Yang Ping, Yokomizo Akira, Tazelaar Henry D, Marks Randolph S, Lesnick Timothy G, Miller Daniel L, Sloan Jeff A, Edell Eric S, Meyer Rebecca L, Jett James, Liu Wanguo
Department of Health Sciences Research, Mayo Clinic and Foundation, 200 First Street SW, Rochester, MN 55905, USA.
Lung Cancer. 2002 Mar;35(3):221-9. doi: 10.1016/s0169-5002(01)00426-3.
Survival of lung cancer patients has been dismal. Glutathione enzymes are directly involved in the metabolism of platinum compounds, a group of important chemotherapeutic drugs in cancer treatment. We tested the hypothesis that genes encoding glutathione enzymes may predict lung cancer short-term survival.
We studied DNA polymorphisms of 250 primary lung cancer patients at four glutathione-related loci: GSTP1, GSTM1, GSTT1 and gamma-GCS that encode glutathione-S-transferase-pi, glutathione-S-transferase-mu, glutathione-S-transferase-theta, and gamma-glutamylcysteine synthetase, respectively. Pearson's chi(2)-square tests, Kaplan-Meier survival curves, log rank tests, and Cox regression models were applied in the analysis.

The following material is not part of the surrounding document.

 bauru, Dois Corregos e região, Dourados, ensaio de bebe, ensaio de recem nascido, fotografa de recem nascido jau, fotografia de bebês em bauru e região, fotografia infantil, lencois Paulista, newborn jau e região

There were 150 (60%) men and 100 (40%) women in this study. Seventeen percent of the patients had never smoked cigarettes, and 61% had stopped smoking at least 6 months prior to their lung cancer diagnosis. Among never smokers, those with null (N) or low (L) genotype experienced a better 1-year-survival rate than those with a positive (P) or high (H) genotype. Patients with P or H at two loci (PP or PH) were compared with patients with N or L at one or both loci (other). Among never smokers, 1-year-survival rates were 60-78% for patients with PP or PH genotypes compared with 89-100% for other types. The survival advantage was greater among advanced-stage patients who were NL or NN than low-stage patients. Similar results were not observed among smokers.
Glutathione-related genes may determine lung cancer survival. Our results, if confirmed, would suggest new directions to enhance cancer treatment, and provide easily measurable markers for clinicians to plan patient-specific therapy.